Use $\sqrt[n]{a^{x}} = a^{\frac{x}{n}}$ to rewrite $\sqrt{x - 1}$ as ${(x - 1)}^{\frac{1}{2}}$ .

$\frac{d}{d x} [x^{2} \log_{3} ({(x - 1)}^{\frac{1}{2}})]$

Step 2

Differentiate using the Product Rule which states that $\frac{d}{d x} [f (x) g (x)]$ is $f (x) \frac{d}{d x} [g (x)] + g (x) \frac{d}{d x} [f (x)]$ where $f (x) = x^{2}$ and $g (x) = \log_{3} ({(x - 1)}^{\frac{1}{2}})$ .
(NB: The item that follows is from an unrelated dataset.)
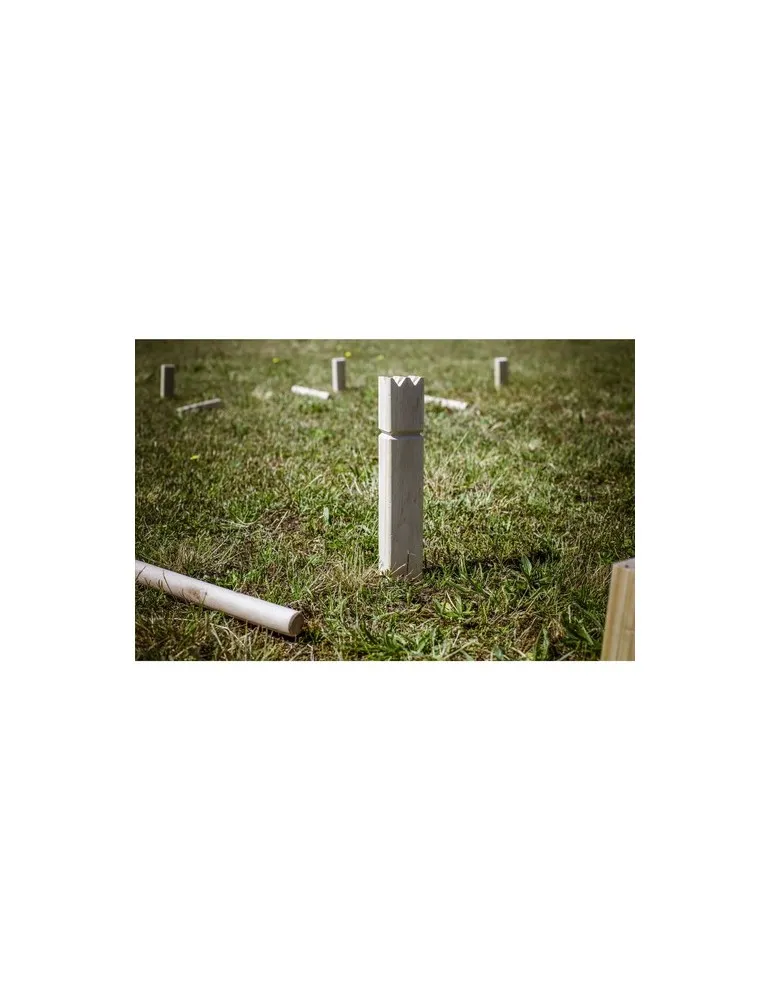 Kingdom Kubb Outdoor Game jeu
$x^{2} \frac{d}{d x} [\log_{3} ({(x - 1)}^{\frac{1}{2}})] + \log_{3} ({(x - 1)}^{\frac{1}{2}}) \frac{d}{d x} [x^{2}]$

Step 3

Differentiate using the chain rule, which states that $\frac{d}{d x} [f (g (x))]$ is $f' (g (x)) g' (x)$ where $f (x) = \log_{3} (x)$ and $g (x) = {(x - 1)}^{\frac{1}{2}}$ .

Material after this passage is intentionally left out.